= Paraveterinary workers in Turkey =

Veterinary technicians and technologists in Turkey are represented by Veteriner Saglik Teknisyenleri Dernegi (Association of Veterinary Technicians in Turkey). Veterinary technicians are trained in Veterinary Health Technology High Schools (Veteriner Sağlık Meslek Lisesi) of which there are four in the country:
- Istanbul Veterinary Health Technology High School
- Samsun Veterinary Health Technology High School
- Konya Veterinary Health Technology High School
- Isparta Veterinary Health Technology High School
Each of these high schools is equipped with a complete veterinary practice.
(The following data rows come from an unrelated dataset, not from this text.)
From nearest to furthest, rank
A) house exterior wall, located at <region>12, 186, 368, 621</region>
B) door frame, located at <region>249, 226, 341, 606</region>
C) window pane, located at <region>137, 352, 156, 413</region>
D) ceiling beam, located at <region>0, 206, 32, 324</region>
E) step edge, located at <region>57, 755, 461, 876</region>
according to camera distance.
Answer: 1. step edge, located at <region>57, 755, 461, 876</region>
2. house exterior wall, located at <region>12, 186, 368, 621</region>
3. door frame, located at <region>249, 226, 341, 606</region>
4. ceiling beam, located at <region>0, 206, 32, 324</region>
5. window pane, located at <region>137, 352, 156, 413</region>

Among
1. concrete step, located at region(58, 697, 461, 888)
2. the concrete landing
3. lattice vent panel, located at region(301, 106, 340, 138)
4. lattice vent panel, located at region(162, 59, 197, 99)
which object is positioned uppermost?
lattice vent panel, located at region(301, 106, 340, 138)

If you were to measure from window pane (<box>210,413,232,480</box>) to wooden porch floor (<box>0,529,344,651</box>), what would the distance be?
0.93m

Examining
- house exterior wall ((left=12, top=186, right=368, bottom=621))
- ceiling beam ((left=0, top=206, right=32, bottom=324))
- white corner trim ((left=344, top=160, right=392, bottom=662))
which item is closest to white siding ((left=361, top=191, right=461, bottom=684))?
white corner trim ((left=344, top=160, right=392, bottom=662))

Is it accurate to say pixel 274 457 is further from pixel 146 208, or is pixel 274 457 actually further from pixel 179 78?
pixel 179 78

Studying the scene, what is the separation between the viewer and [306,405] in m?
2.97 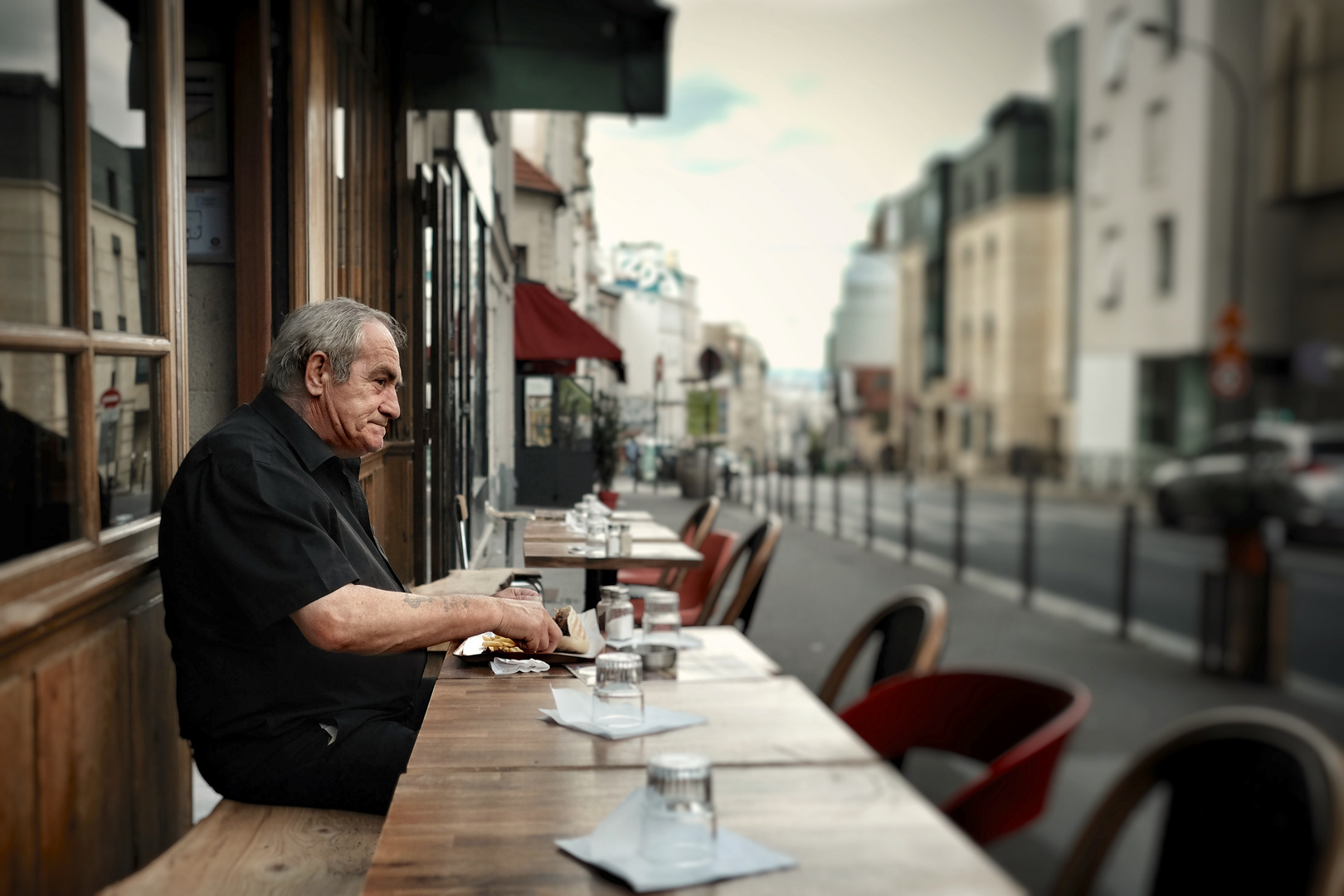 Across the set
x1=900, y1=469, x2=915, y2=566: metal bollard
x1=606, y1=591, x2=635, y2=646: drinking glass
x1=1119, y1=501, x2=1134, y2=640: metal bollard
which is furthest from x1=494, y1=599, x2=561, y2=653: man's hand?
x1=900, y1=469, x2=915, y2=566: metal bollard

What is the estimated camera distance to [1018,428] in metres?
2.46

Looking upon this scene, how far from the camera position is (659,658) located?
1410mm

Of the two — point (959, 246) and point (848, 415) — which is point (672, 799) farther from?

Veterinary technologists hold a university awarded associate degree for which graduation from a Veterinary Health Technology High School is prerequisite. Programs offering these degrees include:
- Anadolu University Laboratory and Veterinary Technology Program
- Atatürk University Animal Breeding and Health Program (which awards the title of Animal Health Technologist)
- Istanbul University Veterinary Faculty College Equine Health Technologists Program

While veterinary technicians and technologists function as support personnel for veterinarians in Turkey, some open their own limited practices where they are permitted to perform procedures such as vaccination, artificial insemination, animal health consulting, and male castration of livestock.